- [Provided records]
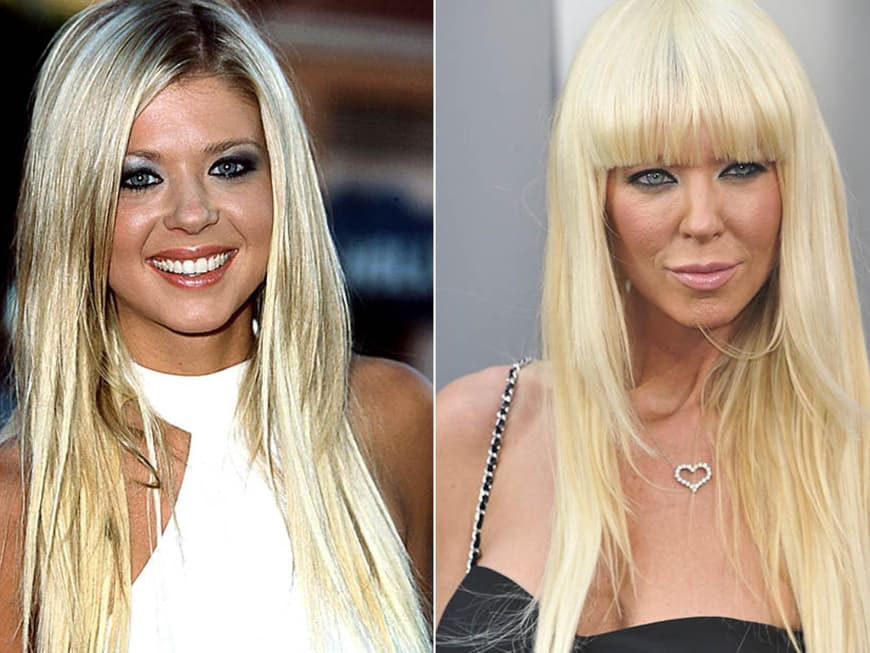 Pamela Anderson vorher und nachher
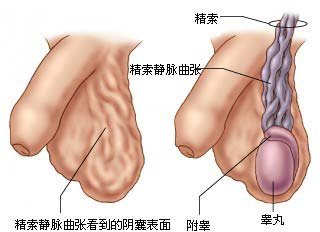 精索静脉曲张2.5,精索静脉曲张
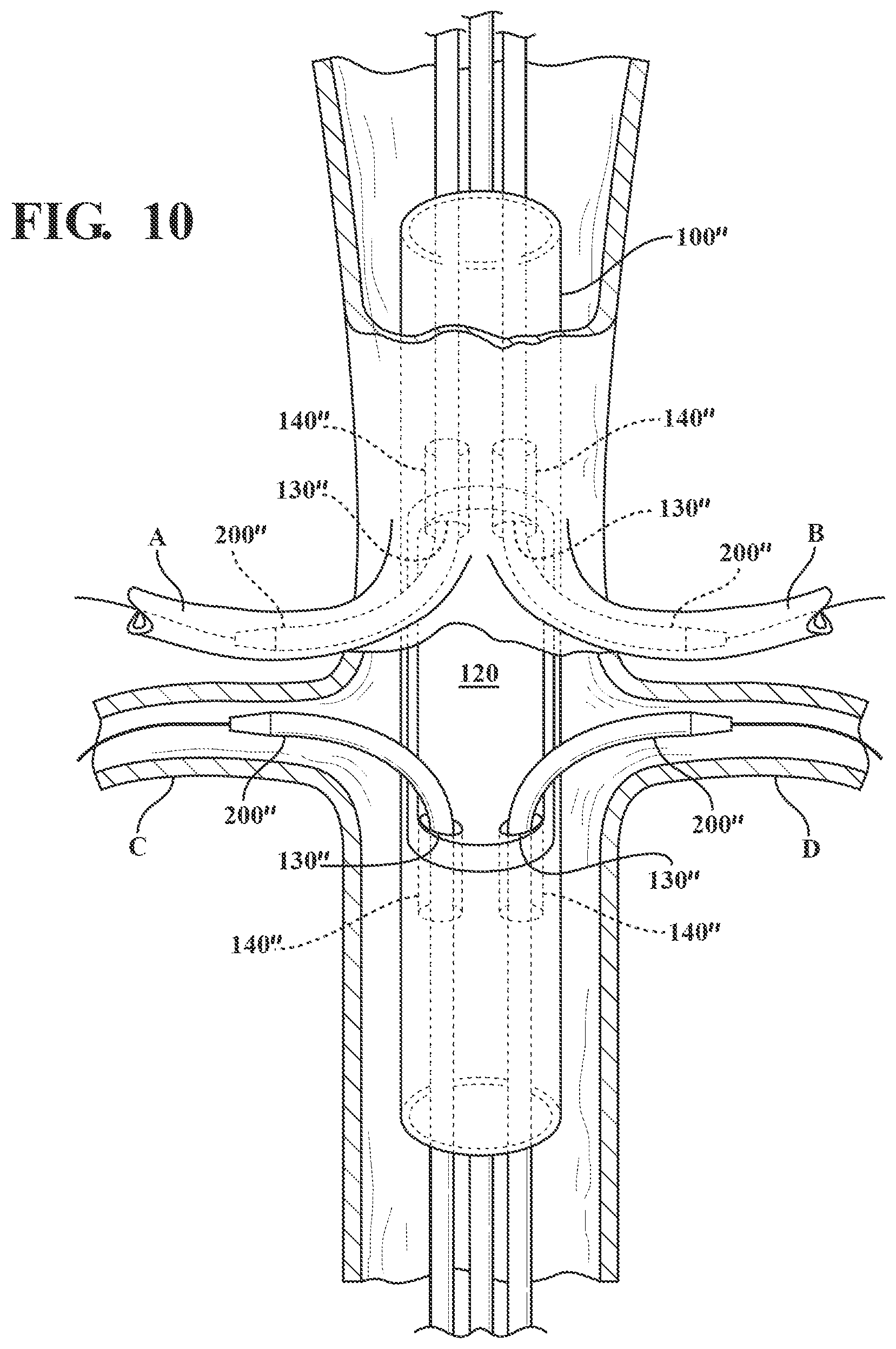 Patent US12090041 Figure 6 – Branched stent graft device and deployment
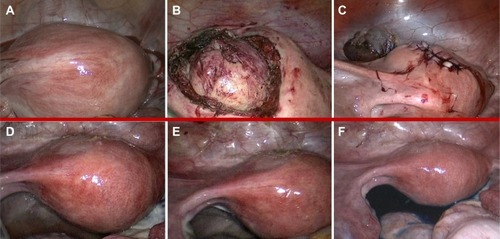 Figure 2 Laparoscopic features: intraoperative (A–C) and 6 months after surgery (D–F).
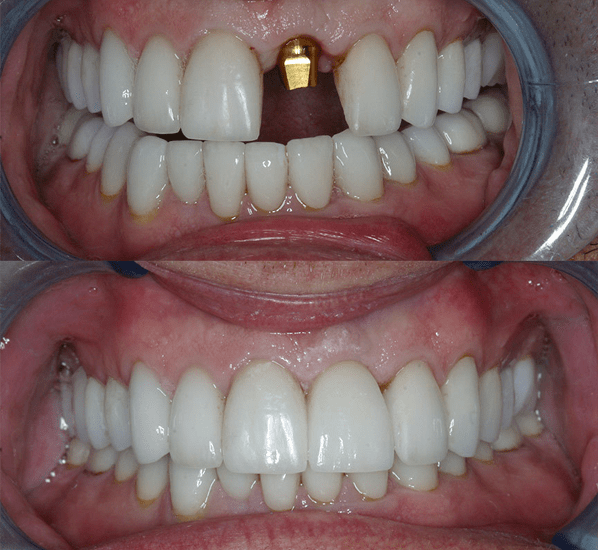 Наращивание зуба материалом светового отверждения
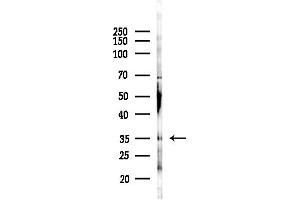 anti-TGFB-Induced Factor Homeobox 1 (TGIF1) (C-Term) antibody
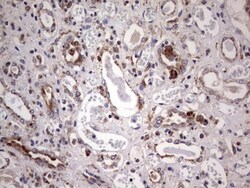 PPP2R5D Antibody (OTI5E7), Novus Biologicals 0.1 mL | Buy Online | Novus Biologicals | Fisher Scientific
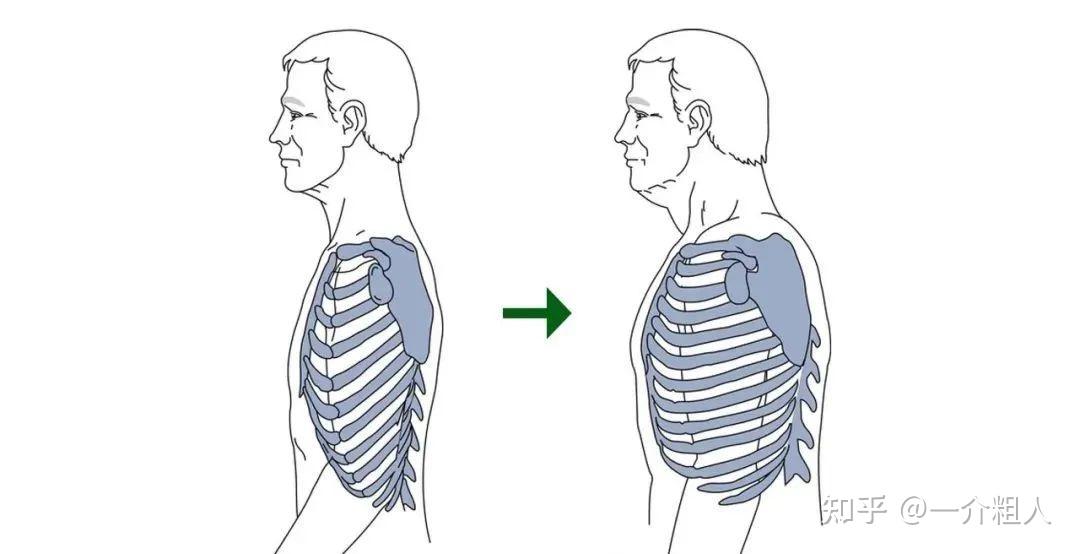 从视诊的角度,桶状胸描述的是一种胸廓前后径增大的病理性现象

- [Problem to work on]
Every line from the one containing "Figure 2 Laparoscopic" through the end of the entries above is to be copied exactly; pictures are to be left out.

- [Answer area]
 Figure 2 Laparoscopic features: intraoperative (A–C) and 6 months after surgery (D–F).
 Наращивание зуба материалом светового отверждения
 anti-TGFB-Induced Factor Homeobox 1 (TGIF1) (C-Term) antibody
 PPP2R5D Antibody (OTI5E7), Novus Biologicals 0.1 mL | Buy Online | Novus Biologicals | Fisher Scientific
 从视诊的角度,桶状胸描述的是一种胸廓前后径增大的病理性现象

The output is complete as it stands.